I guess I had the impression that people are supposed to develop great wisdom when faced with severe illness. Isn't that what we're supposed to believe? The narratives found in popular ladies' magazines seem to imply this -- everyone from cheerful, bald cancer survivors to those that have heart attack scares all see "the light." We're supposed to slow down, appreciate what we have, and be thankful -- always thankful -- for the little things.

Well, I wasn't thankful. I just got frustrated, and bored, and kind of bitter. Even when I reached a point where I realized that I might not get well, that this horrible Other may not be temporary, I didn't have a single deep thought. I just stopped making plans for the future.

I watched the shadows track along my bedroom wall as the sun moved across the winter sky, waiting.

I never figured out what I was waiting for, exactly. Recovery? Death? For my partner to come home from work? Life became a giant waiting room in an office building where nothing was as expected, and the chairs weren't very comfortable.
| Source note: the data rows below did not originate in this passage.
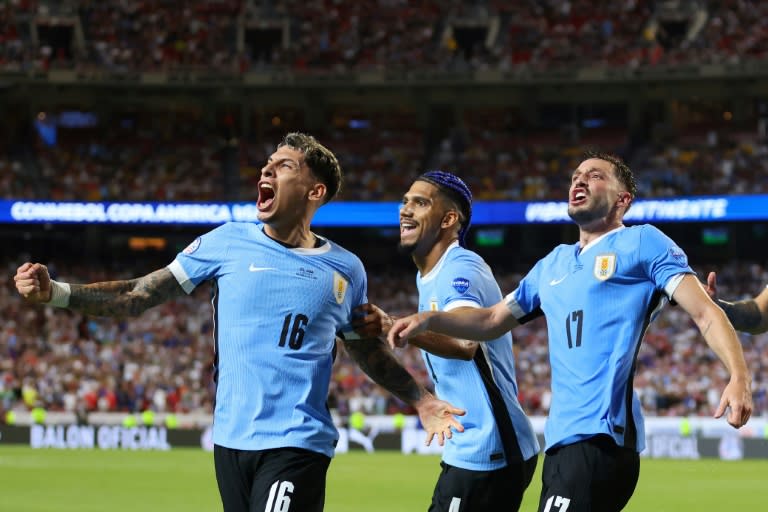 Mathias Olivera (16) celebra su gol con Ronald Araújo y Matías Viña (17) para la victoria de Uruguay sobre Estados Unidos el 1 de julio de 2024 en el Grupo C de la Copa América en partido jugado en Kansas City, Missouri (Michael Reaves)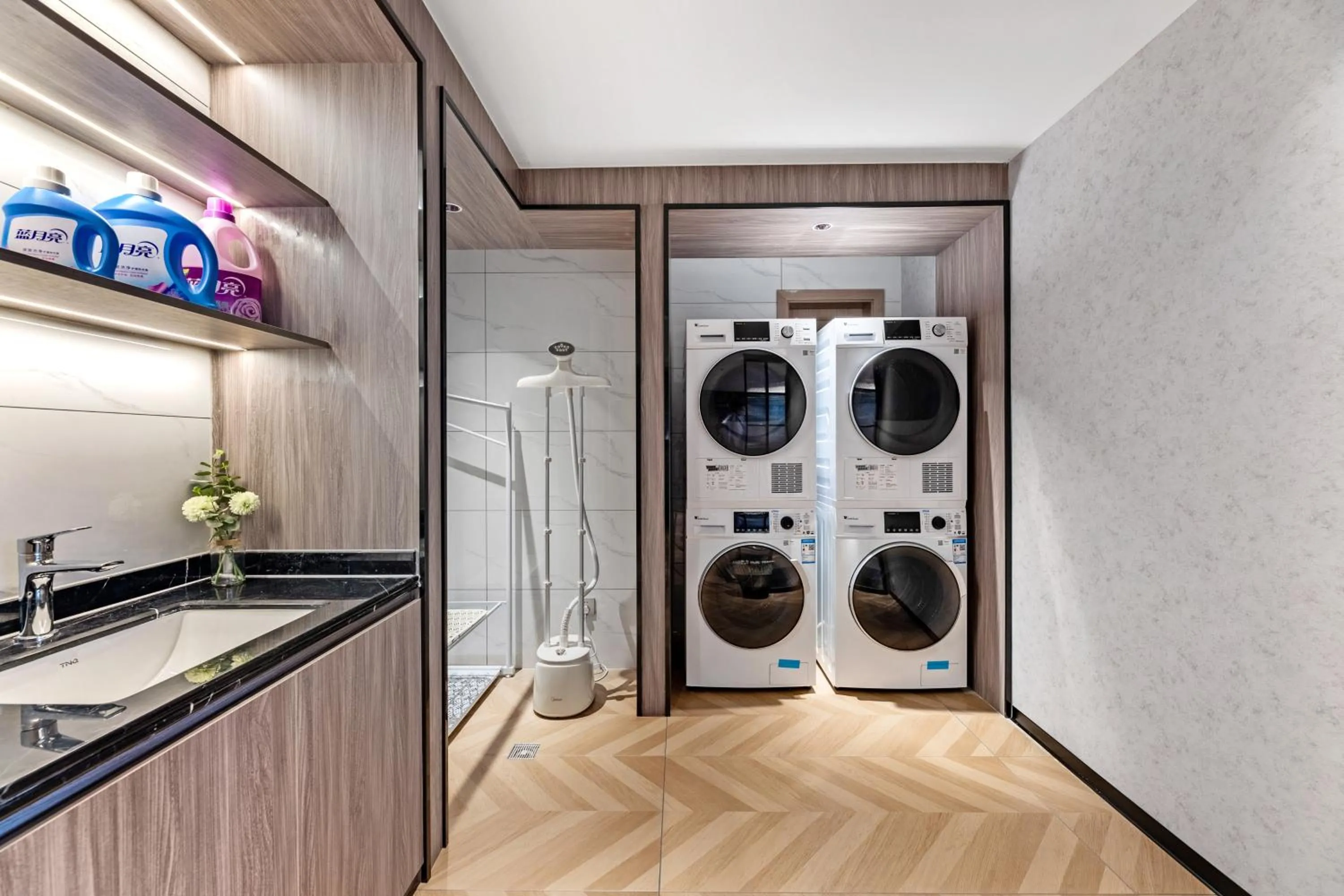 washing machine in Poltton International Apartment - Foshan Gaoming Yingxin Plaza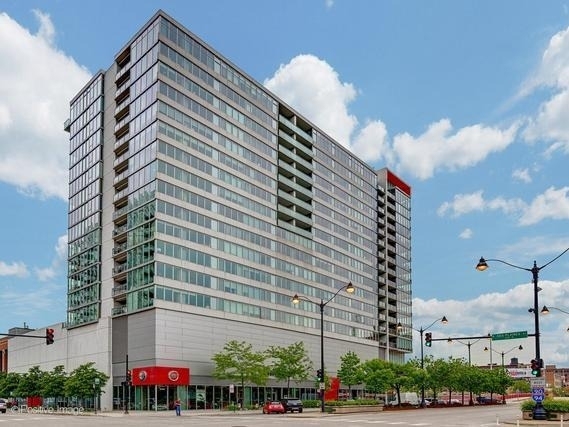 659 W Randolph Street - Photo 0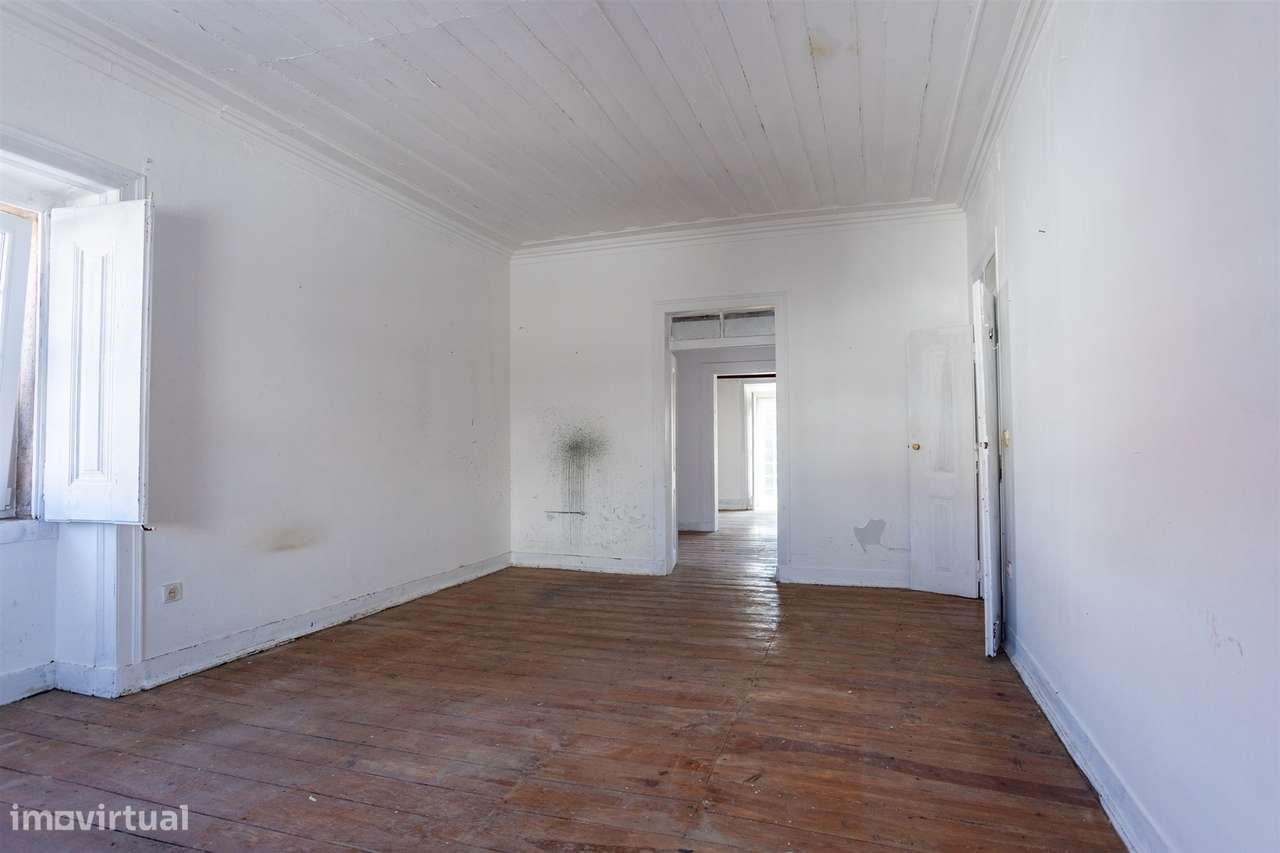 Moradia histórica T6 com piscina e anexo – centro de Salvaterra de Mag-13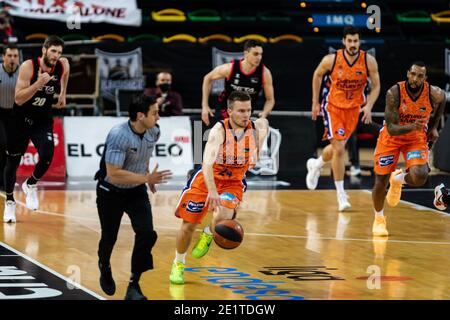 Bilbao, pays basque, ESPAGNE. 9 janvier 2021. MARTIN HERMANNSSON (24) de Valencia basket court avec le ballon pendant le jeu de la semaine 19 de la Ligue ACB entre Retabet Bilbao basket et Valencia basket Club à Bilbao Arena crédit: EDU Del Fresno/ZUMA Wire/Alamy Live News Banque D'Images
Everything stopped: My writing, my hobbies. I even stopped making lists, which would have been unthinkable in the "before time."

The concept of limbo became very real to me.

After the worst of it, when I was able to go to work almost every day, there was nothing left over in the evening. I couldn't cook dinner, or go to a movie. I could only rest, and be restless.

Even now, many months later, the truth is that I never got well -- not completely. Maybe I never will. I had to hire a cleaner, and I have to be very careful how I expend my energy. I make fewer plans for "fun" these days, because I can never gauge whether or not I'll be well enough to leave the house. My Victorian Convalescence continues in a fashion. I have trouble breathing. I must be very gentle when I exercise. I feel old, and worn, and very, very tired.

But I can sit up now, even after a full day. And that means I can write again.

Maybe that's all the cure I'll need in the end.

15 September 2009

"An undersea, unexplained mass sponge migration."

The migration from our previous home on the web is now complete -- or as complete as it's going to get, since I did leave some housekeeping detriment over there.

Suffice to say, I only brought the good stuff over the new threshold. Sure, that means the essays came over, along with some bread, salt, and honey because I'm superstitious. Anything dated before 08/2009 is from the previous location.

Welcome to Postmodern Occult (again).